With A* the vector only copys the adress ( the pointer )

For a data member, is there any difference between dynamically allocating this variable(or not) if the containing object is already in dynamic memory?

I'm starting with the assumption that, generally, it is a good idea to allocate small objects in the stack, and big objects in dynamic memory. Another assumption is that I'm possibly confused while trying to learn about memory, STL containers and smart pointers.
Consider the following example, where I have an object that is necessarily allocated in the free store through a smart pointer, and I can rely on clients getting said object from a factory, for instance. This object contains some data that is specifically allocated using an STL container, which happens to be a std::vector. In one case, this data vector itself is dynamically allocated using some smart pointer, and in the other situation I just don't use a smart pointer.
Is there any practical difference between design A and design B, described below?
Situation A:
class SomeClass{
public:
SomeClass(){ /* initialize some potentially big STL container */ }
private:
std::vector<double> dataVector_;
};
Situation B:
class SomeOtherClass{
public:
SomeOtherClass() { /* initialize some potentially big STL container,
but is it allocated in any different way? */ }
private:
std::unique_ptr<std::vector<double>> pDataVector_;
};
Some factory functions.
std::unique_ptr<SomeClass> someClassFactory(){
return std::make_unique<SomeClass>();
}
std::unique_ptr<SomeOtherClass> someOtherClassFactory(){
return std::make_unique<SomeOtherClass>();
}
Use case:
int main(){
//in my case I can reliably assume that objects themselves
//are going to always be allocated in dynamic memory
auto pSomeClassObject(someClassFactory());
auto pSomeOtherClassObject(someOtherClassFactory());
return 0;
}
I would expect that both design choices have the same outcome, but do they?
Is there any advantage or disadvantage for choosing A or B? Specifically, should I generally choose design A because it's simpler or are there more considerations? Is B morally wrong because it can dangle for a std::vector?
tl;dr : Is it wrong to have a smart pointer pointing to a STL container?
edit:
The related answers pointed to useful additional information for someone as confused as myself.
Usage of objects or pointers to objects as class members and memory allocation
and Class members that are objects - Pointers or not? C++
And changing some google keywords lead me to When vectors are allocated, do they use memory on the heap or the stack?

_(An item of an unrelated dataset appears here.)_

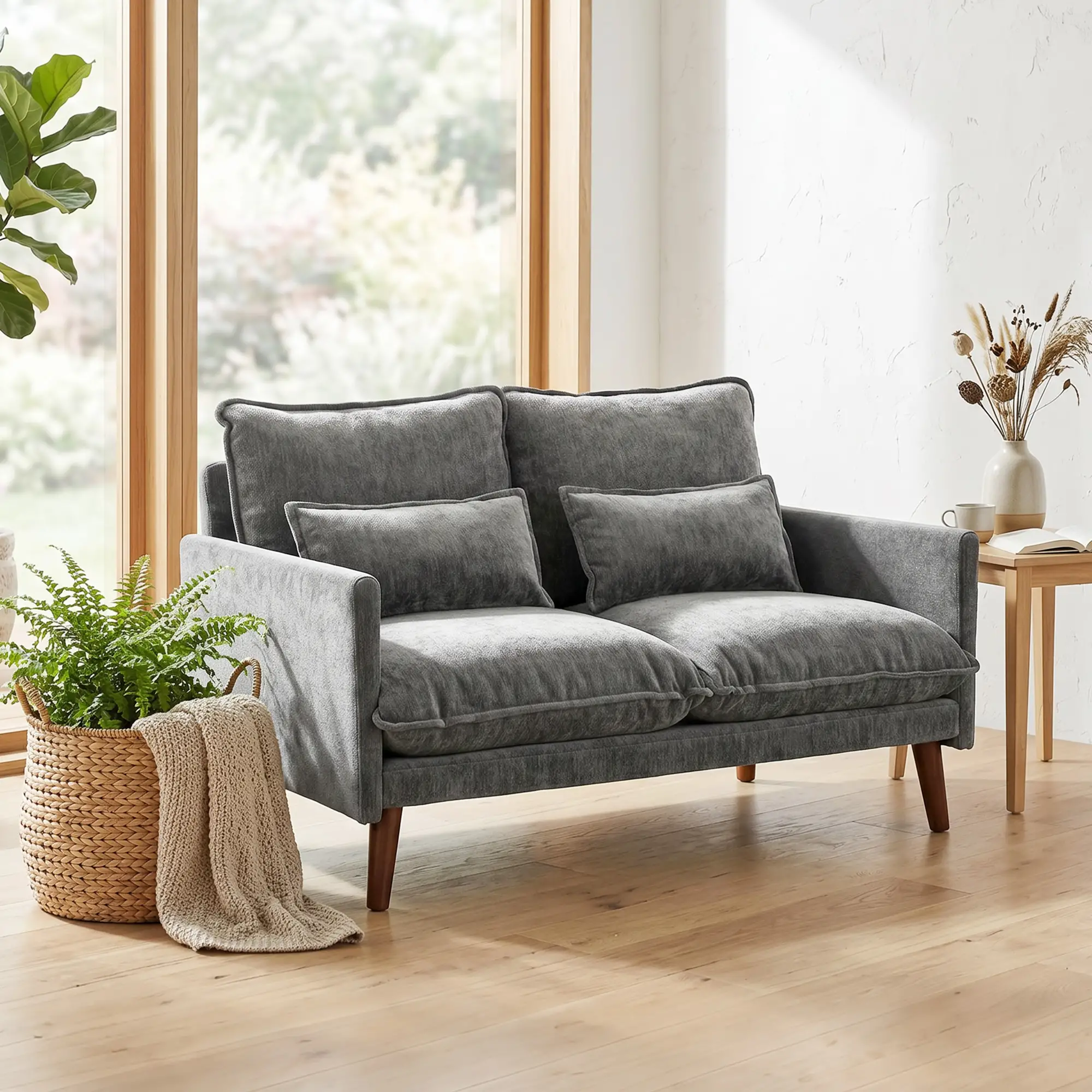 2 Seater Velvet Sofa 131 x 78 x 83cm - Grey - 2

std::unique_ptr<std::vector<double>> is slower, takes more memory, and the only advantage is that it contains an additional possible state: "vector doesn't exist". However, if you care about that state, use boost::optional<std::vector> instead. You should almost never have a heap-allocated container, and definitely never use a unique_ptr. It actually works fine, no "dangling", it's just pointlessly slow.

Using std::unique_ptr here is just wasteful unless your goal is a compiler firewall (basically hiding the compile-time dependency to vector, but then you'd need a forward declaration to standard containers).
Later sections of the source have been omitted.